Elle se dit ravie de l'équipe qui l'entoure pour cette première. D'abord, le chef italien Francesco Maria Colombo, dont elle apprécie la direction. «C'est un chef hors du commun, dit-elle. Il est très exigeant, nous demande beaucoup d'expression et de précision, car il veut faire ressortir la beauté de la musique de Verdi. Il réussit à en faire vivre toute la magie.»

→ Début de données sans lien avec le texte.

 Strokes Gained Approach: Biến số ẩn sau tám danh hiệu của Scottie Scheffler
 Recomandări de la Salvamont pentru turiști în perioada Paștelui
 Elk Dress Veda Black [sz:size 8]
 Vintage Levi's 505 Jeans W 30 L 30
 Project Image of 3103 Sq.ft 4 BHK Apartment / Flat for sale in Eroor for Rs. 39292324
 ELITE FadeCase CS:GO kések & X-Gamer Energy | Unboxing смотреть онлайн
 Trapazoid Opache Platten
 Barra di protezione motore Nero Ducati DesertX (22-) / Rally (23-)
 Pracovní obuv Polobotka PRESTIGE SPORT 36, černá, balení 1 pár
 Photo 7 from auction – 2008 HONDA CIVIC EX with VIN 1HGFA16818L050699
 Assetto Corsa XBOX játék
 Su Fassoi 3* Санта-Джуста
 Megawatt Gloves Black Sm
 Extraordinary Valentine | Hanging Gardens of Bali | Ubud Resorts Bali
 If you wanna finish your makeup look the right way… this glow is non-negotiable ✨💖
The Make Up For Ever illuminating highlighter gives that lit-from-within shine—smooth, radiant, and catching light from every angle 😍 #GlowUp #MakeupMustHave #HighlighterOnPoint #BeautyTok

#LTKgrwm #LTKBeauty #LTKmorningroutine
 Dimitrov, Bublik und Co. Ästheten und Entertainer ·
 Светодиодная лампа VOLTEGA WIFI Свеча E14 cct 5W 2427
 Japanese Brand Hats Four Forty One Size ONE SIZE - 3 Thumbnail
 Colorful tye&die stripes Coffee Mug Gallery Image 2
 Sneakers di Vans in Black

Le jeune metteur en scène Oriol Thomas, qui fait ses débuts à la compagnie, suscite également des bons mots de sa part. «Parfois, nous, chanteurs, avons envie de mettre beaucoup d'emphase, d'ajouter des gestes très théâtraux, mais avec lui, on recherche plutôt, dans le geste, la façon la plus naturelle possible d'exprimer les émotions. On essaie de rendre les personnages vraiment réalistes.»

Est-il vraiment possible d'être réaliste dans une histoire où s'entremêlent enlèvement d'enfant, meurtre, duels, suicide, gitans, bûcher et triangle amoureux? Prise entre Manrico, son amoureux secret, et le Comte de Luna, qui est fou d'elle, Leonora est déchirée.

Mais la chanteuse se fait une idée claire de son héroïne.

«Leonora est une femme forte, mais avec beaucoup de douceur, aussi romantique, amoureuse, rêveuse, dit-elle. Souvent, chez Verdi, les personnages féminins sont remplis de dignité et de noblesse de caractère. Ils possèdent une force intérieure et, si je peux m'exprimer ainsi, un certain côté masculin que n'ont pas nécessairement les personnages de Puccini. Peut-être est-ce grâce à la musique du compositeur, qui semble monter vers le ciel telle une prière.»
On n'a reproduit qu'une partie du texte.